C’est une avancée majeure qui permet à ces personnes d’envisager sereinement leur avenir au sein des juridictions. Cela permettra également de stabiliser les effectifs des juridictions et ainsi d’inscrire dans le temps long cette collaboration qui s’est avérée indispensable.
J’ai par le passé utilisé le terme de « sucres rapides » pour désigner ces 2000 contractuels qui sont venus en renforts des juridictions en 2020 et 2021. Nous l’avions choisie car le sucre, ça dynamise, ça vivifie sans attendre. Ces contractuels étaient des « renforts de l’urgence ». Désormais, ils ont vocation à devenir des renforts pérennes et s’installer durablement en tant qu’acteurs de la communauté judiciaire. C’est une expression que je n’utiliserai donc plus désormais.
J’ai par ailleurs entendu les inquiétudes qui résultent du statut actuel des juristes assistants, qui n’est pas tout à fait satisfaisant : il est trop précaire, ne prévoit pas de formation initiale et les tâches qui leur sont confiées ne sont pas suffisamment précises.
Il induit donc un très fort roulement des personnes recrutées, ce qui nuit à l’organisation des juridictions.
C’est la raison pour laquelle j’ai décidé de créer une fonction d’attaché de justice.
Cette nouvelle fonction, qui regroupera ce qu’on appelle aujourd’hui les juristes assistants et les autres contractuels de catégorie A, sera ouverte tant aux fonctionnaires qu’aux contractuels.
De cette manière, nous nous assurerons, que partout sur le territoire, quel que soit le bassin étudiant et le bassin d’emploi, des attachés de justice seront présents.
Cette flexibilité dans l’ouverture de poste permettra en effet de recruter à la fois des fonctionnaires, comme des attachés d’administration, des enseignants, des policiers, par exemple, et des personnes venant du secteur privé, ou encore des étudiants sortant de leurs études de droit.
Cette flexibilité est une manière de faire confiance au terrain et de laisser la main au chefs de juridiction qui savent mieux que quiconque quels sont leurs besoins en matière de ressources humaines.
Quand on est, par exemple dans le ressort d’une zone douanière, je pense par exemple à Avesnes-sur-Helpe, on peut avoir besoin de juristes assistants qui connaissent bien la matière douanière. Quand on est à Meaux, près d’un centre de rétention administrative, on peut avoir besoin d’un ancien fonctionnaire qui connaît parfaitement les rouages administratifs en matière de droit des étrangers.
Cette nouvelle fonction recouvrera des missions généralistes incluant l’aide à la décision, la recherche de jurisprudence, la rédaction de notes de synthèse, le soutien aux politiques publiques et partenariales et même l’établissement de diverses réquisitions en matière pénale.
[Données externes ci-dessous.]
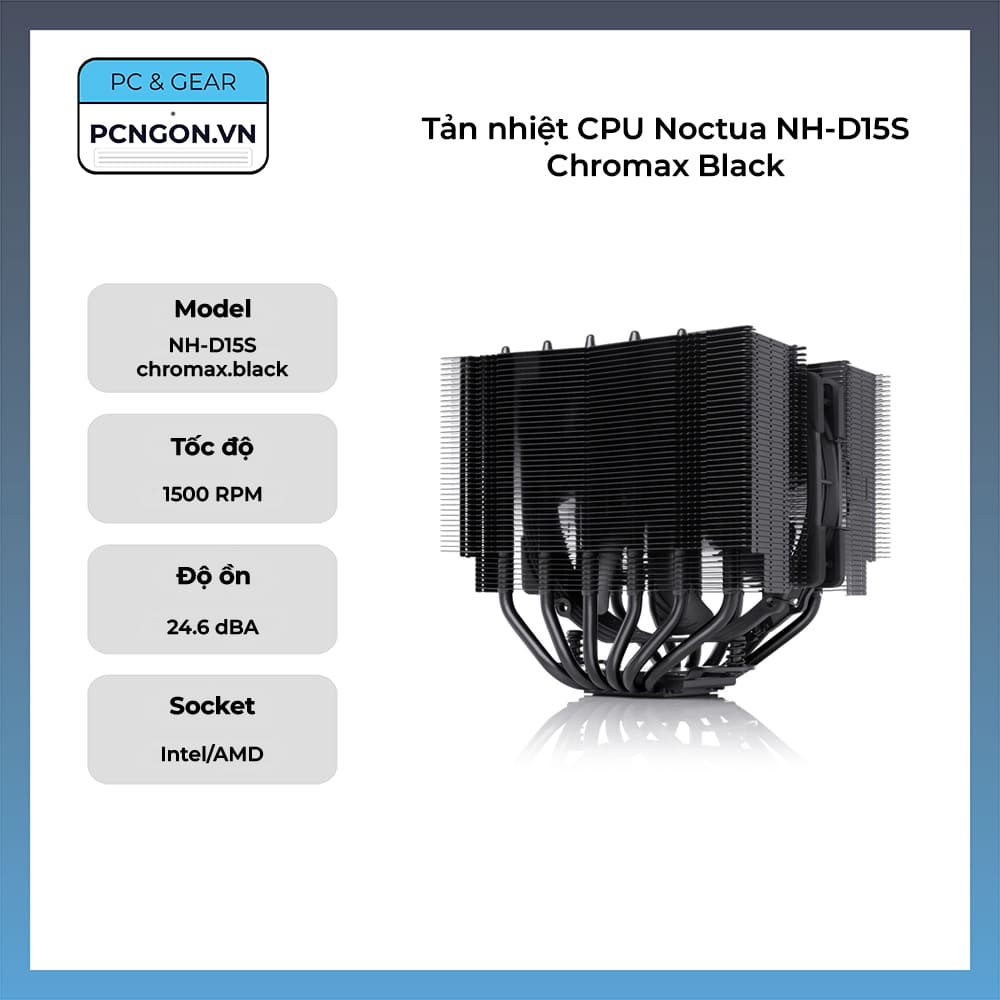 Noctua NH-D15S Chromax Black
Afin de les intégrer pleinement à la communauté judiciaire, je souhaite que ces attachés de justice prêtent serment. Ils pourront ainsi assister aux audiences et aux délibérés et prévoir une délégation de signature dans des domaines précis.
Nous leur offrirons également une formation initiale dispensée par l’ENM afin d’assurer une homogénéité partout en France.
Et comme c’est déjà le cas aujourd’hui pour les juristes assistants, nous maintiendrons une passerelle spécifique d’accès à l’ENM.
J’ajoute que les actuels juristes assistants et contractuels de catégorie A seront automatiquement repositionnés sur des postes d’attachés de justice et comme je l’ai déjà dit, nous leur proposerons un CDI à l’issue de leur contrat à durée déterminée.
Vous l’aurez compris, cette nouvelle fonction a pour objectif principal de donner corps à l’équipe autour du magistrat en l’institutionnalisant et en offrant une stabilité et des perspectives aux personnes qui choisissent d’embrasser ces fonctions.
Les magistrats de carrière auront donc la responsabilité de coordonner le travail de l’ensemble des membres de cette équipe : greffiers, attachés de justice et contractuels de soutien au greffe. Les magistrats seront tous formés au management grâce à des enseignements dédiés au sein de l’Ecole Nationale de la magistrature, qui va étoffer la formation initiale en la matière.
C’est l’une des raisons qui m’a conduit à ouvrir la possibilité pour cette belle école de la République de recruter des enseignants permanents non magistrats.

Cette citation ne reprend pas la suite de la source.